Read the listing and extract each line that includes the word "slide".

§

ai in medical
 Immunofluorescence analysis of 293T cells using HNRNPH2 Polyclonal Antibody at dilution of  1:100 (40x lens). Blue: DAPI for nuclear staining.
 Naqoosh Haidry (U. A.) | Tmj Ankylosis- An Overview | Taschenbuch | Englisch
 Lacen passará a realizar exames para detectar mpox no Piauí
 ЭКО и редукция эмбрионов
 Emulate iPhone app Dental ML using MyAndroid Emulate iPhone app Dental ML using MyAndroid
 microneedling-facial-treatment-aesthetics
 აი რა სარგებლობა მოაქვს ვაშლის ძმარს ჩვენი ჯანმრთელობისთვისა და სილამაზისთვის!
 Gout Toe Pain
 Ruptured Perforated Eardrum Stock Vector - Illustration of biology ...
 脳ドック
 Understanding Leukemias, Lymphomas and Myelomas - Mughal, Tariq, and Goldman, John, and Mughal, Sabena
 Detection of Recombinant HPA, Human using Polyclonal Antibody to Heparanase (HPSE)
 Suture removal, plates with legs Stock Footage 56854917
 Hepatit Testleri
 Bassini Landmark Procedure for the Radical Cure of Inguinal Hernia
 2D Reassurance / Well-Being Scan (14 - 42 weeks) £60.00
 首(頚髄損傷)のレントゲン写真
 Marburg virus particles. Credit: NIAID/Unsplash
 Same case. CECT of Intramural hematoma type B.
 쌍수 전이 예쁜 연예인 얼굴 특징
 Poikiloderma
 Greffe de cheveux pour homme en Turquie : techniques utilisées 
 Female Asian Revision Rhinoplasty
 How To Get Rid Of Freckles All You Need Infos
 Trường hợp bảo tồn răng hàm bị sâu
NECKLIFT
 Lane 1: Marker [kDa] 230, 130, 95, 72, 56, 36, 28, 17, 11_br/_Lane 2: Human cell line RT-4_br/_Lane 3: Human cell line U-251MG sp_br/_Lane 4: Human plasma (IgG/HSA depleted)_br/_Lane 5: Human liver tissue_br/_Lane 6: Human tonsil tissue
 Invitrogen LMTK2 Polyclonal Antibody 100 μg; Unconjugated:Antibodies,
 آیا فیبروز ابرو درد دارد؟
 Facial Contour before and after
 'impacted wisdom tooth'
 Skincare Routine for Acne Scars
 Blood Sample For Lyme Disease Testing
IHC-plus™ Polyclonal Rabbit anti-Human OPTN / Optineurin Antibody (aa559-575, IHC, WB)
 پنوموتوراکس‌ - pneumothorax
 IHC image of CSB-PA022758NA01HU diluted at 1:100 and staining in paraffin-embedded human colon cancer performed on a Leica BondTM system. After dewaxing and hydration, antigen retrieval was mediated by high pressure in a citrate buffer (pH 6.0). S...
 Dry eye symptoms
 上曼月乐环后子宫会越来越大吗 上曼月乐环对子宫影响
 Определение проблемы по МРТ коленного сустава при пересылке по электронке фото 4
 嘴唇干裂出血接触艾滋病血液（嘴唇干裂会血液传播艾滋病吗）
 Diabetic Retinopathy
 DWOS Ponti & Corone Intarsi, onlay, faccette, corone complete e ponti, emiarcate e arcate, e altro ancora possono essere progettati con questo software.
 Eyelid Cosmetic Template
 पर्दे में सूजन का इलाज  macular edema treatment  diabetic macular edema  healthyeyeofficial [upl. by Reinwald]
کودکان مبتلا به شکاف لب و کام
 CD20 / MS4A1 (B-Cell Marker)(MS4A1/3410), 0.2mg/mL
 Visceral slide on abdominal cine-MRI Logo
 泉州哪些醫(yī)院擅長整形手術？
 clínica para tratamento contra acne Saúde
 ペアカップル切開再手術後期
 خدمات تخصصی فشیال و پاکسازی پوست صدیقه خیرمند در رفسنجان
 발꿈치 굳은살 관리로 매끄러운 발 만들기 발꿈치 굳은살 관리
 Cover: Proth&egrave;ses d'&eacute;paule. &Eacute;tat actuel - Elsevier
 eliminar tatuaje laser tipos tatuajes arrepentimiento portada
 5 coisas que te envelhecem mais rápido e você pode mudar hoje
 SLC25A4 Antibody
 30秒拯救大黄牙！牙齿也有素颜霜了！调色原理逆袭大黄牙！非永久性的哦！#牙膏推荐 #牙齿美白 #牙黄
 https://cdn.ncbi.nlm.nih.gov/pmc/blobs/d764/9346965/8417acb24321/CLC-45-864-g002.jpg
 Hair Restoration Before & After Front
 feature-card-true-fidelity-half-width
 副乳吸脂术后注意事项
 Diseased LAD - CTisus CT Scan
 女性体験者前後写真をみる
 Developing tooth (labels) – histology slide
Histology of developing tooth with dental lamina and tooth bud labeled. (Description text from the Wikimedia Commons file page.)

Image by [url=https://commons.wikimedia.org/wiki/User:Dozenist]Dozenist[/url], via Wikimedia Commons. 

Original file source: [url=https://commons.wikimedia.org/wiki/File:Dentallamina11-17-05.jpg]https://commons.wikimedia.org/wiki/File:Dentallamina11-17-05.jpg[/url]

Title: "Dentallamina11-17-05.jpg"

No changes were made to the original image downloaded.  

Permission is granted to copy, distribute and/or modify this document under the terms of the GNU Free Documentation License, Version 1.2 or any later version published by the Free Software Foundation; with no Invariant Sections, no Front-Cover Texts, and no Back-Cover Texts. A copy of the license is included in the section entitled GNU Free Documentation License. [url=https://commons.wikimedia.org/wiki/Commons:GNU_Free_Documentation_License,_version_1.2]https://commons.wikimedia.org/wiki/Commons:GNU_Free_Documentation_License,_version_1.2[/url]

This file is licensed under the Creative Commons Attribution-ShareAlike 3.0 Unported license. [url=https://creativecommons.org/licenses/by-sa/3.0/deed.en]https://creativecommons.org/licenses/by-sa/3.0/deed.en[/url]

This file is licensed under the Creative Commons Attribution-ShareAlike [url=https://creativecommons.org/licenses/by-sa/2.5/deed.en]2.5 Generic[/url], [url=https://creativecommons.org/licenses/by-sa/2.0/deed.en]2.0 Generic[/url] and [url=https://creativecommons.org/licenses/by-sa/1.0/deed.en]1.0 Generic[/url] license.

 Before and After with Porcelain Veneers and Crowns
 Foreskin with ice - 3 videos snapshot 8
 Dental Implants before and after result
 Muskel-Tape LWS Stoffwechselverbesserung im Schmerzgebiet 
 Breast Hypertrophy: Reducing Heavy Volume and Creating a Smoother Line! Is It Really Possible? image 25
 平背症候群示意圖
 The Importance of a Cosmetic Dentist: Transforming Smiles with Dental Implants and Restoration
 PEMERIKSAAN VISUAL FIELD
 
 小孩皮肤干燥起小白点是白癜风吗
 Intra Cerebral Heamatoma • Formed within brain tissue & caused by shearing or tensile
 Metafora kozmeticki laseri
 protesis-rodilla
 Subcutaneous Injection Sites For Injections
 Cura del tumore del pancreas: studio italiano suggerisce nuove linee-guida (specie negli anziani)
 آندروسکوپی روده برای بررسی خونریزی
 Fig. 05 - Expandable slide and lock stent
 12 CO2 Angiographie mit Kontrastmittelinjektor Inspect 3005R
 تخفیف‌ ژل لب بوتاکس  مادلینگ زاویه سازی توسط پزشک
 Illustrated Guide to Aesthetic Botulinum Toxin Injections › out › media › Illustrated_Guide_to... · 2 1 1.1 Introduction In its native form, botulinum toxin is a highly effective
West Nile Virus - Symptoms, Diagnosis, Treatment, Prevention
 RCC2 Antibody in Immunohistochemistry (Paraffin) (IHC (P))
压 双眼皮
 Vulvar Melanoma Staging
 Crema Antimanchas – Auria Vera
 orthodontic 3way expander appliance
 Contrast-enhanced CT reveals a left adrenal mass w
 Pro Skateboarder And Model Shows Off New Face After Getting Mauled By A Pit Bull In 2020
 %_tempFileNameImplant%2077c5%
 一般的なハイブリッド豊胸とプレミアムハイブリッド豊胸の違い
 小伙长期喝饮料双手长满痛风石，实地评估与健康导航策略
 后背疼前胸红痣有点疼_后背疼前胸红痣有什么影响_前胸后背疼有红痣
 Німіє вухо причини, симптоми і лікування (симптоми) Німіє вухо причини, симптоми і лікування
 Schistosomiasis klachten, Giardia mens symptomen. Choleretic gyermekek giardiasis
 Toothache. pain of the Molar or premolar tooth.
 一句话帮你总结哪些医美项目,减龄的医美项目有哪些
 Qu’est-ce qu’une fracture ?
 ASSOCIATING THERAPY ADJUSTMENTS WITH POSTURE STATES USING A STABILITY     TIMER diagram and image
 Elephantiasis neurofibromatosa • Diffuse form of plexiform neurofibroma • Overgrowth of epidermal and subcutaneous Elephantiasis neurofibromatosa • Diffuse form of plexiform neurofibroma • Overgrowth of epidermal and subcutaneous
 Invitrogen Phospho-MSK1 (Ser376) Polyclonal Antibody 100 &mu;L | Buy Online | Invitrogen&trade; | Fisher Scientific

§

- Output below
 Visceral slide on abdominal cine-MRI Logo
 Developing tooth (labels) – histology slide
 Fig. 05 - Expandable slide and lock stent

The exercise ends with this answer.